[Requirement] From the first line to the last, copy the material word for word; pictures stay out.

*** Opening of Recorded information ***

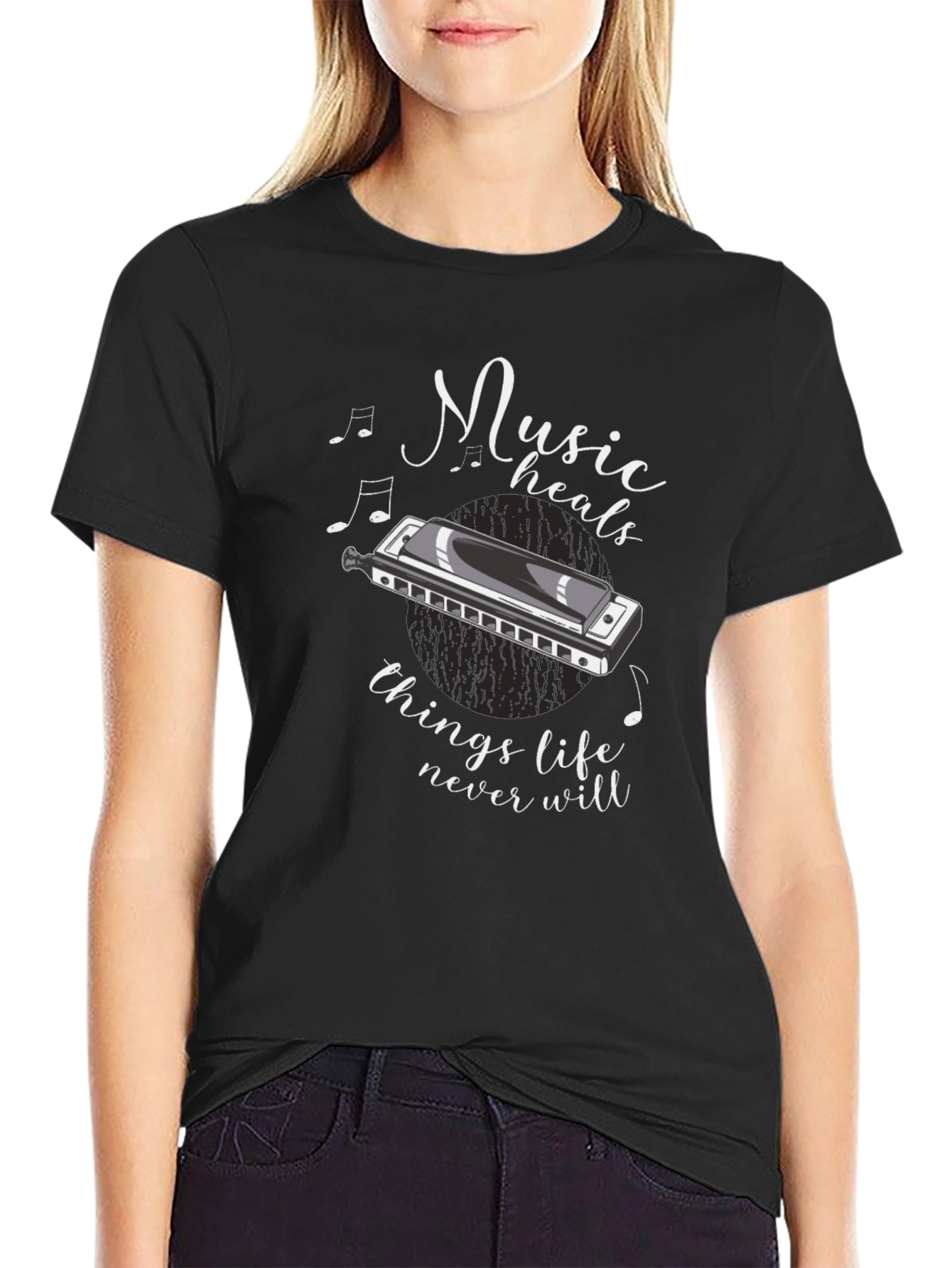 Music Heals Graphic Tee
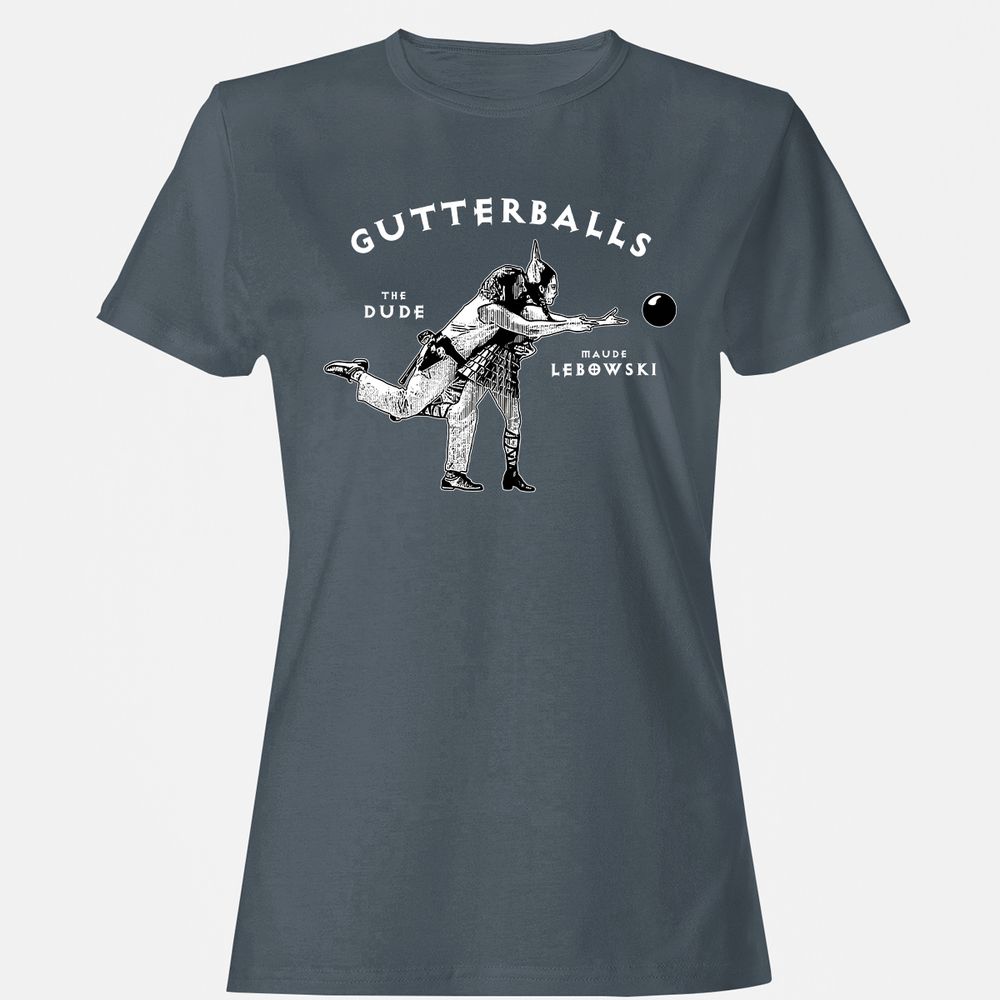 Women's T-Shirt - MY68AP5B - Charcoal - 3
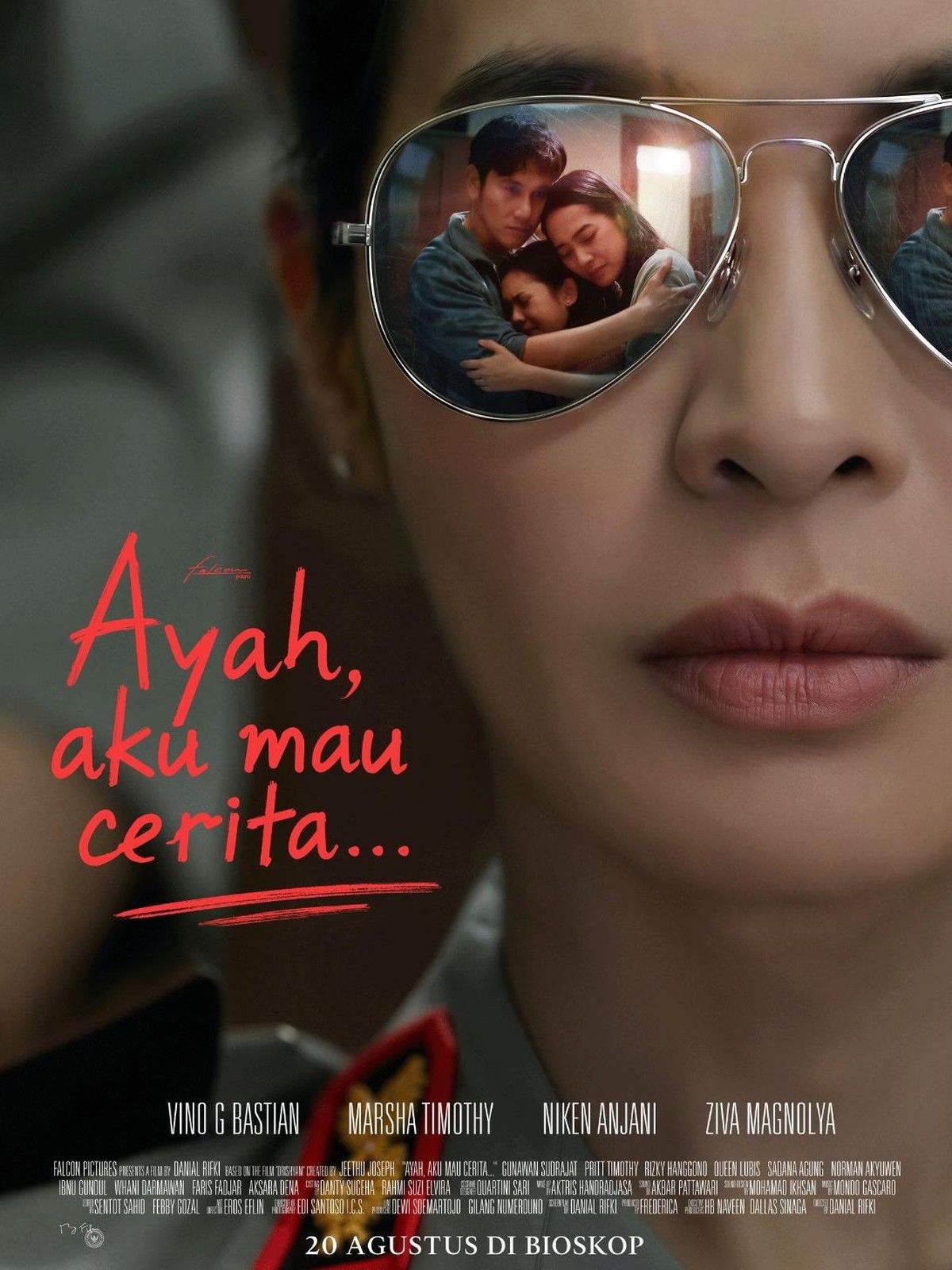 Vino G Bastian dan Marsha Timothy Adu Peran di Film Ayah Aku Mau Cerita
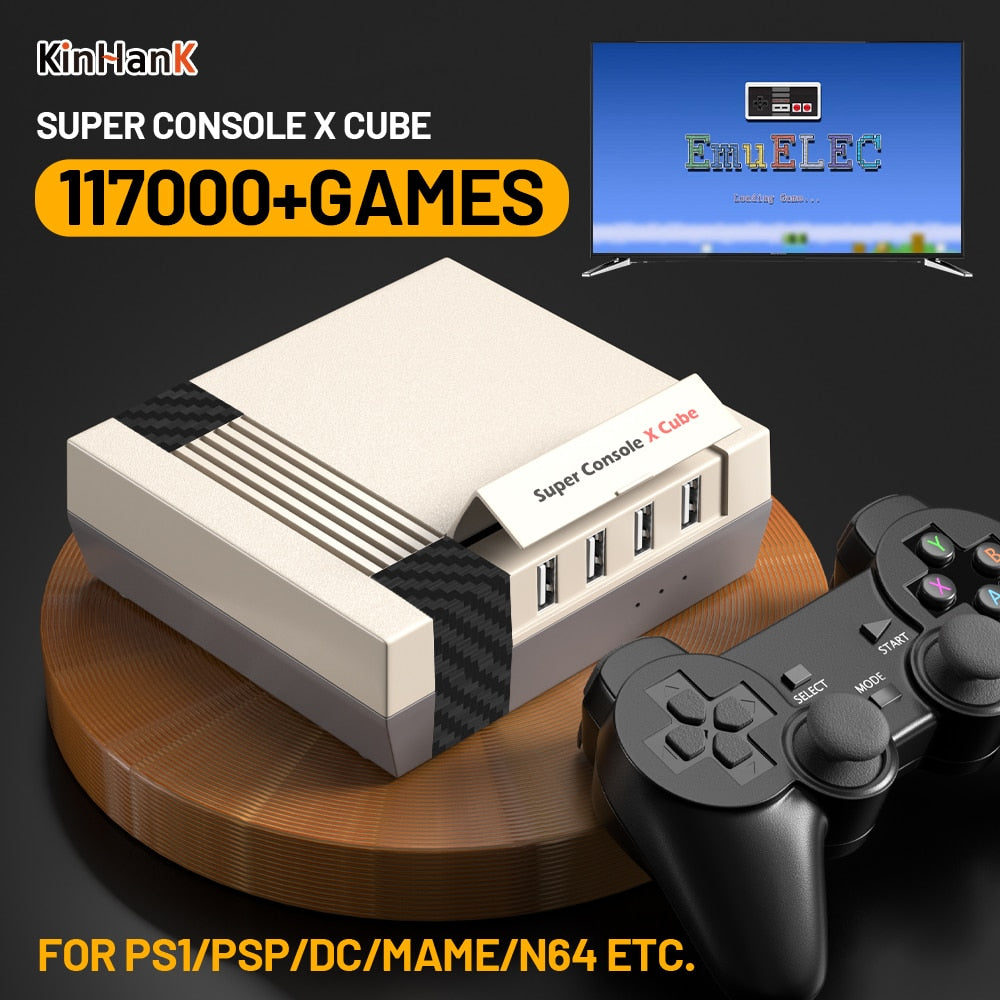 Super X Cube Retro Video Game Console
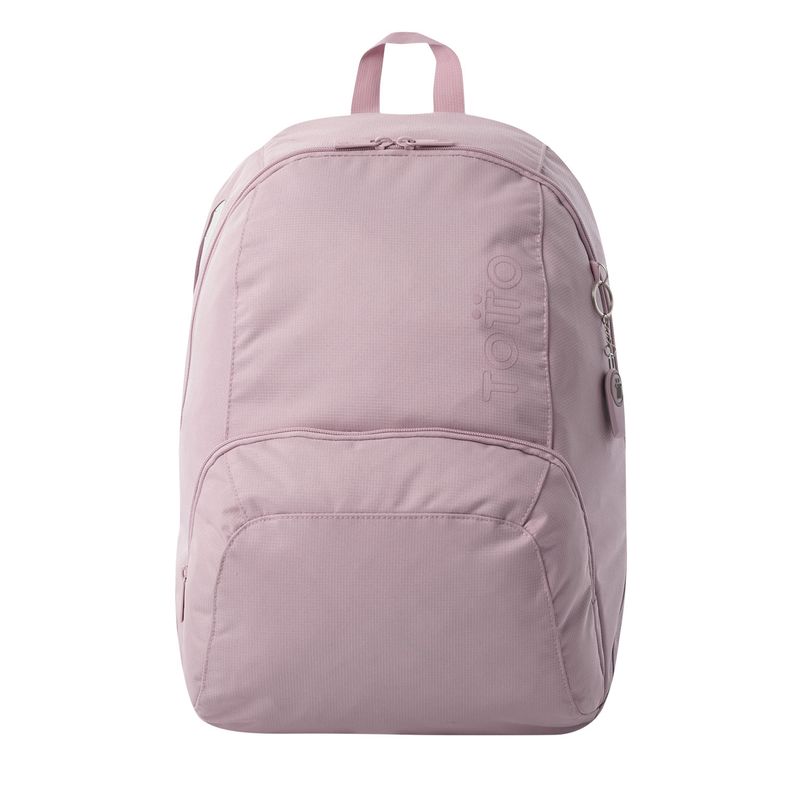 TOTTO - Morral Mochila Grande Para Mujer Violeta Claro Ometto Totto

*** Close of Recorded information ***

[Answer section]
 Music Heals Graphic Tee
 Women's T-Shirt - MY68AP5B - Charcoal - 3
 Vino G Bastian dan Marsha Timothy Adu Peran di Film Ayah Aku Mau Cerita
 Super X Cube Retro Video Game Console
 TOTTO - Morral Mochila Grande Para Mujer Violeta Claro Ometto Totto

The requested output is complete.